Not only that, but withdrawing forces at the proposed pace means hard decisions to come. Do the bulk of US forces stay in the south to consolidate those gains, even though the southern Taliban have had very limited affiliation with al Qaeda and international terror groups? Or do they pivot to the east, where the openly pro-al Qaeda Haqqani network has dug in, by grace of Pakistan’s inability, or unwillingness, to take them on?

I’m not saying that keeping troops in Afghanistan is the solution. At this point, having covered Afghanistan for the better part of our involvement there, I am not sure what the strategy should be. It would be much easier to say what our strategy should have been: less reliance on warlords, less throwing cash around, and more focus on the small things that build stability, such as education and a functioning justice system.

And while there has been some progress in the development and training of the Afghan security forces, they are unlikely to be able to combat the insurgency on their own if their progress is not matched by concomitant advances in governance. As the old counterinsurgency adage goes, it’s not that the enemy is strong, but that the government is weak.

So we can talk all we want about reconciliation with the Taliban, plans for withdrawal and building up an indigenous Afghan security force, but it amounts to nothing if we don’t address the elephant in the corner. You know, the one in the dashing striped cape and karakul hat who was once dubbed  by Tom Ford the “most chic man in the world.”

Foreign Affairs editor Gideon Rose, in his NYT op-ed piece Saturday, proposed that Obama follow Nixon’s strategy in Vietnam, or at least the strategy he would have followed had the pesky issue of wiretapping and possible impeachment not got in the way. That strategy of course, “exiting the Vietnam War by masking their withdrawal with deliberate deception and aggressive covering fire” was based on dissembling and doubletalk, something Nixon was rather good at. It’s an interesting, if Swiftian, proposal.
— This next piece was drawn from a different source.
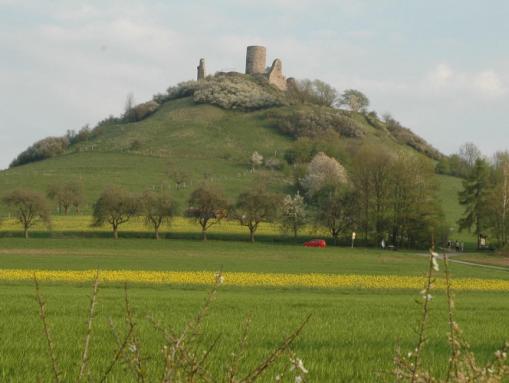 Desenberg, ein erloschener Vulkan mit Burg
But what is more alarming is the conversation about withdrawal between Nixon and Kissinger that Rose quotes at length:

Nixon: “Let’s be perfectly cold-blooded about it…. I look at the tide of history out there, South Vietnam probably is never gonna survive anyway…. [C]an we have a viable foreign policy if a year from now or two years from now, North Vietnam gobbles up South Vietnam?”
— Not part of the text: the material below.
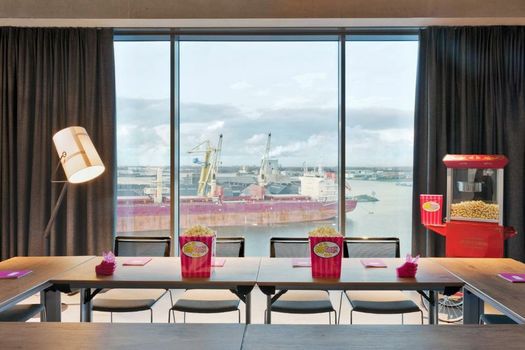 Moxy Amsterdam Houthavens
Mr. Kissinger replied that American policy could remain viable if Saigon’s collapse “looks as if it’s the result of South Vietnamese incompetence. If we now sell out in such a way that, say, in a three- to four-month period, we have pushed President Thieu over the brink…. it will worry everybody… So we’ve got to find some formula that holds the thing together a year or two, after which… no one will give a damn.”

 All the talk of withdrawal strategies in Afghanistan, whether they be troop pullouts, reconciliation or a combination of both, neglect to discuss what we, and Afghans, want the country to look like on January 1, 2015. Or, according to Kissinger’s logic, a year or two later, “after which… no one will give a damn.”

Maybe, or maybe not. Even if Afghanistan dissolves into another civil war, al Qaeda is unlikely to return to its old stomping grounds – there are much more tantalizing prospects in Somalia and Yemen. But a civil war in Afghanistan is a proxy war for the region, and unlike the early 90s, the stakes are higher. Pakistan and India have nuclear weapons. Iran might. Russia and China will fight for access, and resources. It’s hard to see how the US wouldn’t give a damn then.